(Crawled caption data)

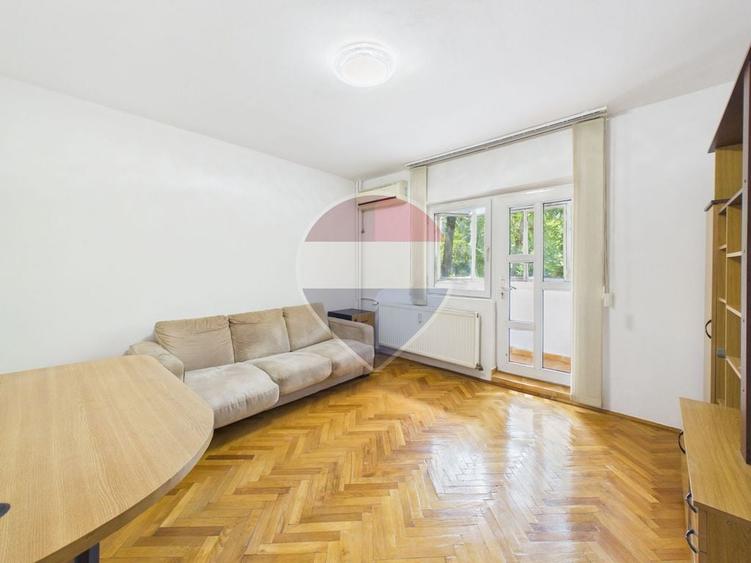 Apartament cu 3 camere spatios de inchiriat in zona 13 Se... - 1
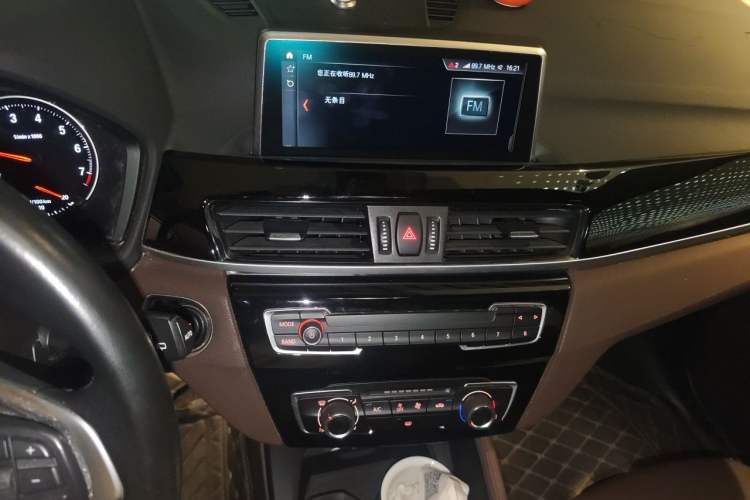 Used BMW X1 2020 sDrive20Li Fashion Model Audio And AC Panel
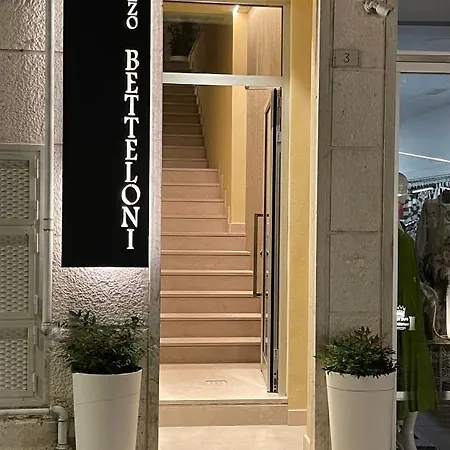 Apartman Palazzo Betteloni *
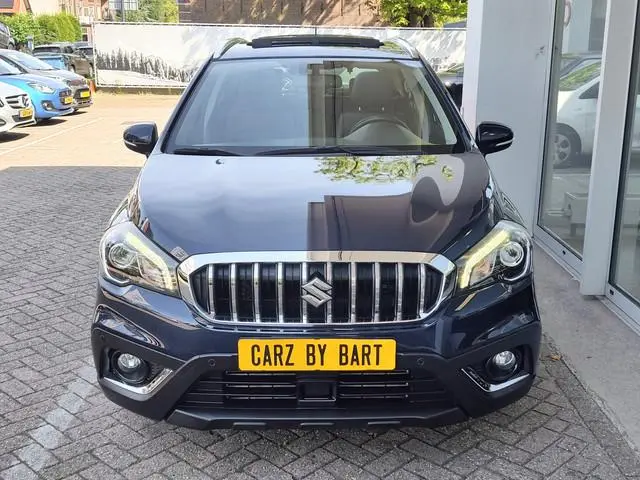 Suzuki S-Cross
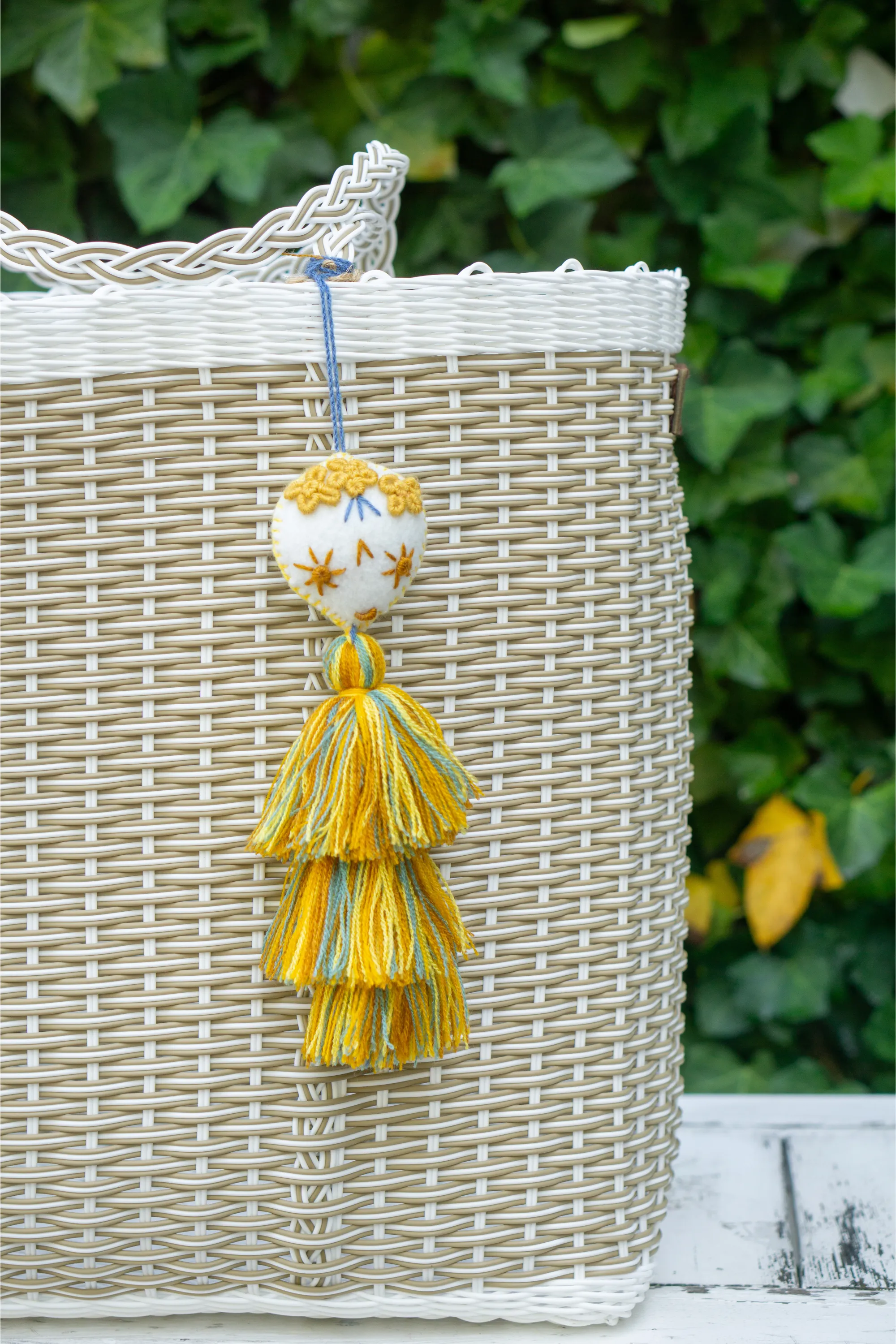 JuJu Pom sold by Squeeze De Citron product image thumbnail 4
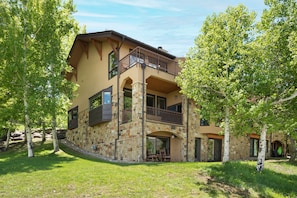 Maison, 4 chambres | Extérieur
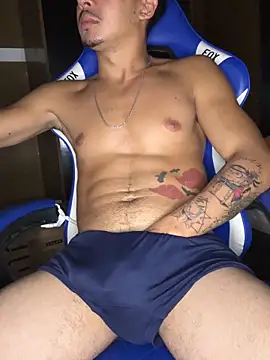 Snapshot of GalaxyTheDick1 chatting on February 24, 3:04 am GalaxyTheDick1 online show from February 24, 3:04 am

* [Task description]:
Retype the records exactly, but skip the pictures.

* [Written solution]:
 Apartament cu 3 camere spatios de inchiriat in zona 13 Se... - 1
 Used BMW X1 2020 sDrive20Li Fashion Model Audio And AC Panel
 Apartman Palazzo Betteloni *
 Suzuki S-Cross
 JuJu Pom sold by Squeeze De Citron product image thumbnail 4
 Maison, 4 chambres | Extérieur
 Snapshot of GalaxyTheDick1 chatting on February 24, 3:04 am GalaxyTheDick1 online show from February 24, 3:04 am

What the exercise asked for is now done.